◆ Task input ◆
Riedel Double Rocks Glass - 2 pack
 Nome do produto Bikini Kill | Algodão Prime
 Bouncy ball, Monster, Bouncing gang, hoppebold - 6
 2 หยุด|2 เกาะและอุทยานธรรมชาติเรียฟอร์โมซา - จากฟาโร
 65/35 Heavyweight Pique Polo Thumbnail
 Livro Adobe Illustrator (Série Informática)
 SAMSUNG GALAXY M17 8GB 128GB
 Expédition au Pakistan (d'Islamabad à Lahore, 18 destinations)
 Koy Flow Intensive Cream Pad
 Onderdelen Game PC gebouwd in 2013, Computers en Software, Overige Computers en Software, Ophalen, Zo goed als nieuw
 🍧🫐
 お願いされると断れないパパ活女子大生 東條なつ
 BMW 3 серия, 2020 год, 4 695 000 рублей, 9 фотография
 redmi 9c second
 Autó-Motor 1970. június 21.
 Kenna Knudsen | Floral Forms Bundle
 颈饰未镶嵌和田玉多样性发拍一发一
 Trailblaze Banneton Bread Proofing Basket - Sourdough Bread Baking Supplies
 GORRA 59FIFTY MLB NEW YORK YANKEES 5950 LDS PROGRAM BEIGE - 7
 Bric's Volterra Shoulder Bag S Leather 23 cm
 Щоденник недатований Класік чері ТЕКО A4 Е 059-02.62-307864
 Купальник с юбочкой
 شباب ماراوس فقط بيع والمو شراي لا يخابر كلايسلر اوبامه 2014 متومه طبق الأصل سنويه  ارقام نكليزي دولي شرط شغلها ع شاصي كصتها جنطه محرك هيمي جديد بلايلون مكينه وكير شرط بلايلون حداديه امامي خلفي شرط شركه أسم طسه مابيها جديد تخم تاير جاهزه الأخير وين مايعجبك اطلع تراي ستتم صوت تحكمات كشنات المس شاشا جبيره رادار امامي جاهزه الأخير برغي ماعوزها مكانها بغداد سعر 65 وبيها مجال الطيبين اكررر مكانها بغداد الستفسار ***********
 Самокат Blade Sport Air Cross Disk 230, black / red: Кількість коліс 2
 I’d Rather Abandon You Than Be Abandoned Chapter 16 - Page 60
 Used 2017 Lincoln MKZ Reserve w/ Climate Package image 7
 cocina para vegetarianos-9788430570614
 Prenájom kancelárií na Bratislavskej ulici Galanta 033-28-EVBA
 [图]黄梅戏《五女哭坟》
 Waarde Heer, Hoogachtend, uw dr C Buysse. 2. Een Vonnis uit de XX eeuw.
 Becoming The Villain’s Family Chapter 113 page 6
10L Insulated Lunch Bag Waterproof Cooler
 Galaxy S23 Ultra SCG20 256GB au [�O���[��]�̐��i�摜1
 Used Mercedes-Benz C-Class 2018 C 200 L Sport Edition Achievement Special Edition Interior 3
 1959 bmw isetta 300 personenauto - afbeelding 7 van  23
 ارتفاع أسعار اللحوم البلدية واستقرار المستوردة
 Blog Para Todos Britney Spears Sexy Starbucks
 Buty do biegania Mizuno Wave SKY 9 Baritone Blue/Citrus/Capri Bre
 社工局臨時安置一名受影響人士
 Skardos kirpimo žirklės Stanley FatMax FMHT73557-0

◆ Task to carry out ◆
For the material, state how many lines include the string "Sport"; the answer is that number alone.

◆ Output for this exercise ◆
2